Boyle’s Hill was one of my first favorite painting spots in Jackson Hole. Just far enough out of town, narrow dirt roads laced around the green ponds, and wise outstretched cottonwoods offered respite from the summer sun. Every vantage held artistic merit. This was an idyllic local secret – all-American really – a place for family picnics, the Mountain Man Rendezvous, and kids to hang out the way kids do. Some nights, yeah, there were parties. Some days were sweetly quiet, the breeze rustling through the trees, dragonflies buzzing above the water, and just me painting.

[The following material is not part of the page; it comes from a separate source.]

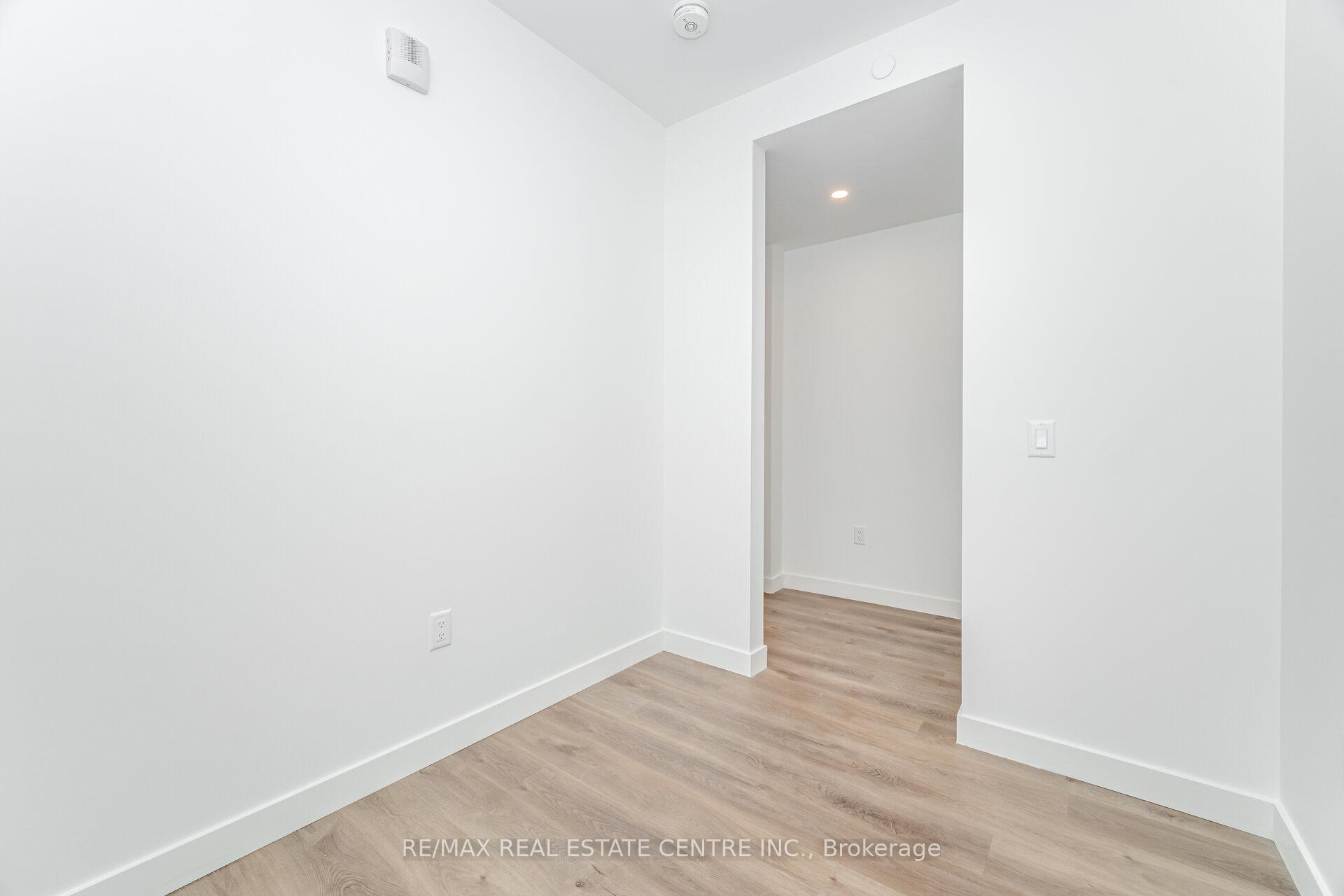 Photo 16 of Unit 405, 461 Green Road, Hamilton, Stoney Creek — HOMEH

Trumpeter swans were one of my first favorite birds. In the 1966 edition of ‘Birds Of North America, A Guide To Field Identification’ (the very book I used as a child and still treasure today), it said this: “This largest swan, recently close to extinction, is now increasing in Yellowstone Park, Wyoming… Very rare outside it’s breeding range.” My father, who knew of such things, said that fewer than 100 remained in the wild here. I worried terribly about the extinction of swans.
A few years back, my father and I stopped at Boyle’s Hill. There are only two small parking areas now, the ponds fenced off, the inner dirt roads grown over, all traces of its previous use gone. Trumpeter swans crowd the banks, loud and raucous in their success. They glide across the green water in a riotous cacophony of gleaming white. Dad was thrilled, taking photos, and I was thinking about the next time I’d come out to paint. Neither of us mentioned how easily this might not have happened.
This idyllic spot is still something of a local secret, and that’s okay. When preservation fails, conservation can make the difference. The Jackson Hole Land Trust has, in no small way, assured vital habitat for wildlife. One acre, and one crucial pond at a time.